- _WHAT IS EXPECTED_
Set the records down again, exactly, without their images.

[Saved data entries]
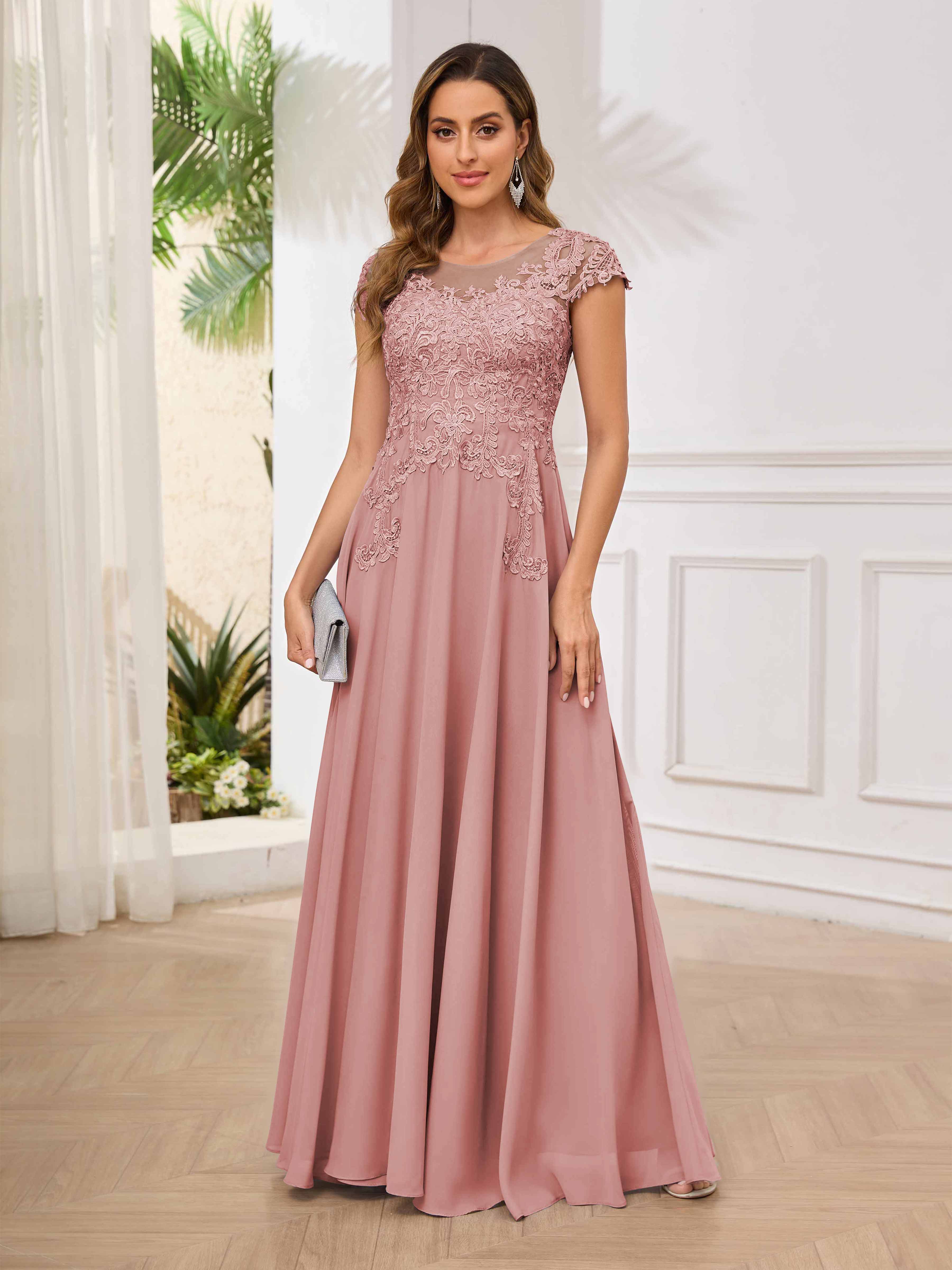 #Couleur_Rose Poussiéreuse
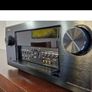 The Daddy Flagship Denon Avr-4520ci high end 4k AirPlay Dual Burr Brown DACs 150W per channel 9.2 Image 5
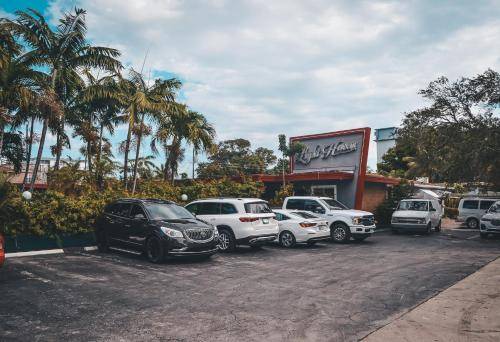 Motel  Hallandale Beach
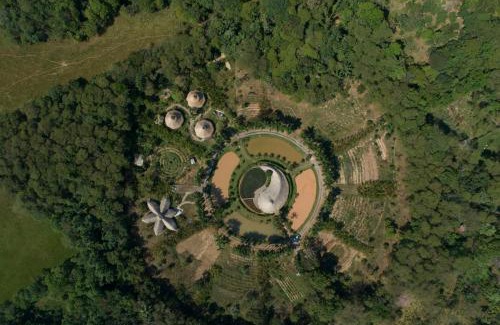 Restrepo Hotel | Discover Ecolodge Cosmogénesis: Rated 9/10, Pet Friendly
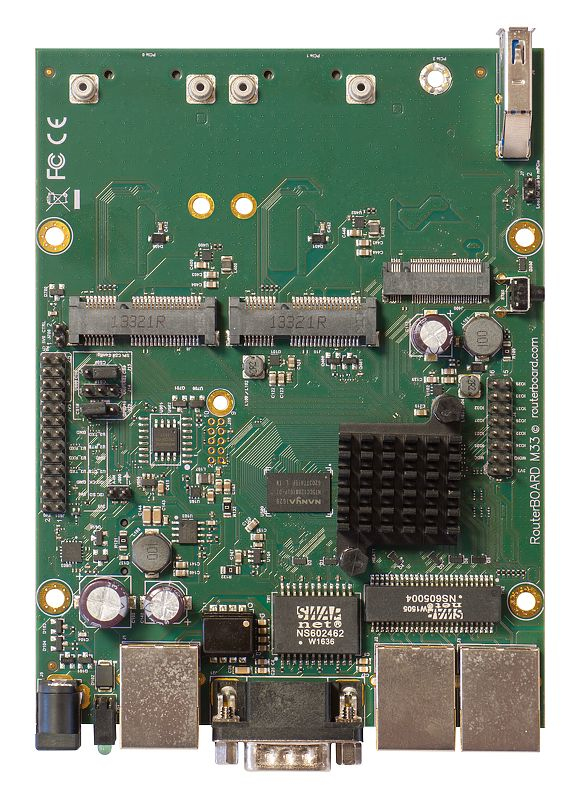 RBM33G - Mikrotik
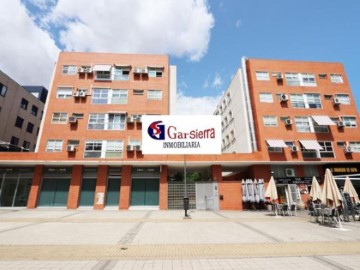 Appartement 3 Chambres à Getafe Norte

- _EXERCISE RESULT_
 #Couleur_Rose Poussiéreuse
 The Daddy Flagship Denon Avr-4520ci high end 4k AirPlay Dual Burr Brown DACs 150W per channel 9.2 Image 5
 Motel  Hallandale Beach
 Restrepo Hotel | Discover Ecolodge Cosmogénesis: Rated 9/10, Pet Friendly
 RBM33G - Mikrotik
 Appartement 3 Chambres à Getafe Norte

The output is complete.